Populists claim that representatives represent the people by complying with their preferences and judgments. Elitists, by contrast, argue that representatives are bound to decide correctly. This Article argues that the populist and elitist views of representation are both false: representation indeed requires the representative to endorse the perspective of the represented. But, often endorsing the perspective of the represented requires representatives to act against the actual convictions of the represented. To look at the world 'from the perspective of the represented,' the representative’s decisions ought to satisfy the condition of justifiability-to the represented, namely, they must rest on reasoning that is accessible to the represented as she actually is. This understanding of representation implies that private reason has important role to play in democratic politics: the constituency’s basic convictions should be taken into account in the reasoning of the representatives.

Public Reason, Constitutional Review, and the Rights of the Unpopular

This paper examines the ways in which the idea of public reason is concretized through constitutional adjudication practice, especially in cases where the rights of individuals who possess “unpopular traits” in a particular society are invoked to challenge law that purportedly reflects what the majority supports or prefers. In such cases, social cohesion, public morality, and tradition are among the justificatory reasons frequently provided by the government. Through a case study of the Constitutional Court of South Korea, the research explores whether, and why, such arguments of legislative purposes have or have not been successful in different contexts involving minorities’ rights. While the Court conducted a proportionality review in each case, divergences have been observed among decisions concerning non-citizens, women, and sexual minorities.
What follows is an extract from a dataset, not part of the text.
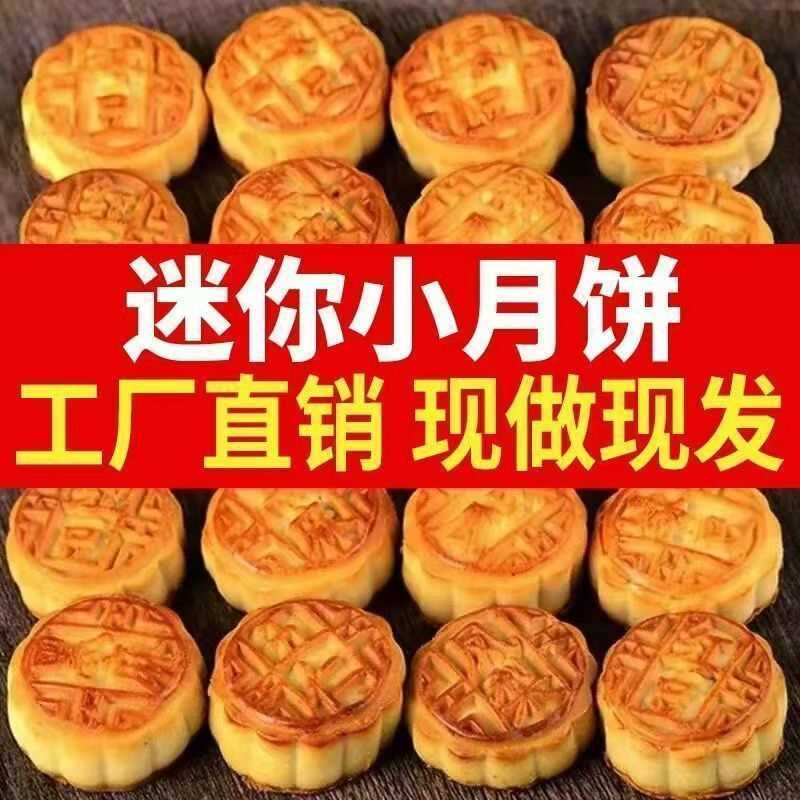 广式水果小月饼老五仁豆沙黑芝麻多口味零食糕点散装中秋月饼礼盒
Self-defence of public institutions in Polish constitutional crisis

Nicholas Barber’s paper “Self-Defence for Institutions” provides a useful tool for analysing the complex relationship between the branches of government, in particular between the most dangerous and the least dangerous ones: the legislative and the judicial.
This paper sets out to elaborate the theoretical tool proposed by Barber and to show that the elaborated tool has a better explanatory value than the original when applied to real-world circumstances. The real-world case examined in this paper is the constitutional crisis that Poland has undergone for the last five years.